Romney earned 33 percent support of likely Republican voters, 11 percent higher than Newt Gingrich, whose 22 percent of support was good enough for second. Rick Santorum, whom Romney was able to narrowly edge in the Iowa caucuses, is earning 14 percent of voters, locking him into a struggle for third place with Ron Paul. The Texas congressman was earning 12 percent of those polled.

“Gov. Romney appears to be consolidating his status as the one to beat. While he doesn’t enjoy an outright majority, he performs well with every major voting bloc, possibly because the field is still crowded,” said Patrick Murray, director of the Monmouth University Polling Institute, in a statement.

Rick Perry, meanwhile, was unable to crack double digits, earning 6 percent of support, and the recently departed Jon Huntsman was pulling 4 percent of voters.

The majority of Gingrich's support came from South Carolina voters who described themselves as very conservative — the former Speaker earned three in 10 of these voters — and those who say they strongly support the Tea Party movement. Meanwhile, Romney earns nearly four in 10 of voters who classify themselves as either somewhat conservative or moderate or liberal.
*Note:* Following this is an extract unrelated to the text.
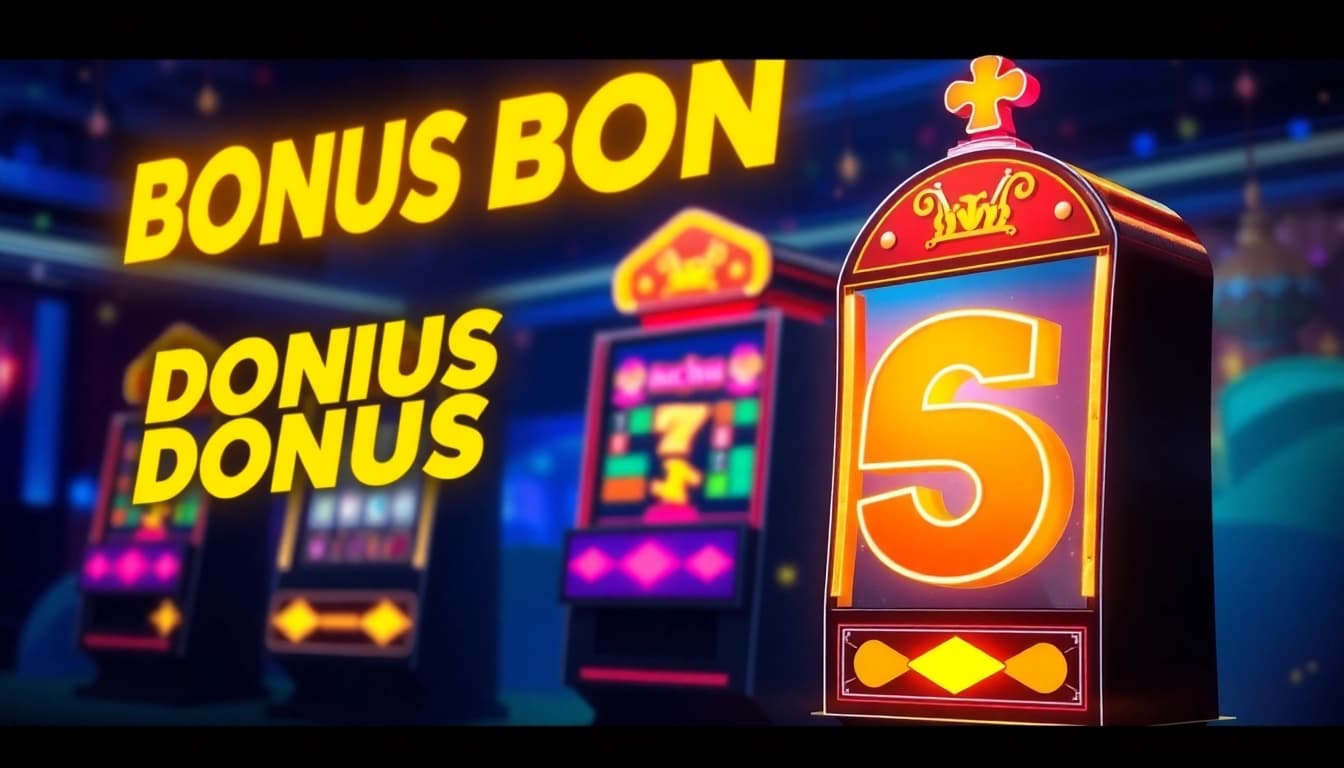 Nutzen Sie den Casino Bonus für aufregende Gewinne an bunten Spielautomaten im Online Casino.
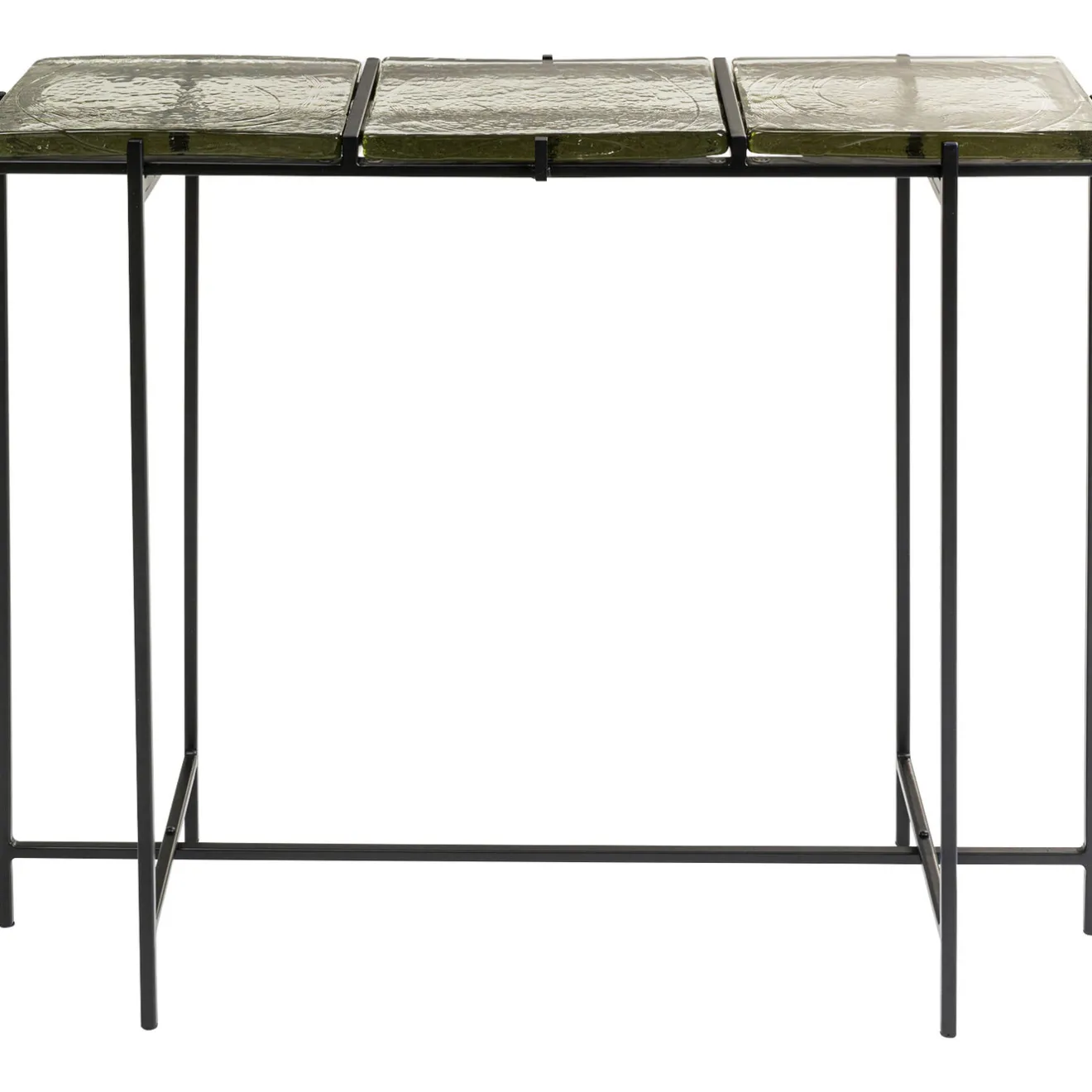 KARE Design Consoles|Console Ice Noir 98X80Cm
Some of Romney's success can also be attributed to surprise support among Christian voters. The former governor is winning 29 percent of self-described evangelicals, better than Gingrich's 26 percent and Santorum's 19 percent. Romney also leads among voters who say the candidate who shares their values is the most important factor in picking a candidate — a surprise for Romney, who usually trails on that metric. Twenty-three percent of values voters picked Romney, versus 19 percent for Paul, 17 percent for Santorum and 15 percent for Gingrich.

As usual, for the 43 percent of voters who say electability is the most important factor, Romney emerges as the clear choice. Nearly half of voters worried primarily about electability chose the former governor, versus just 28 percent for Gingrich and 12 percent for Santorum.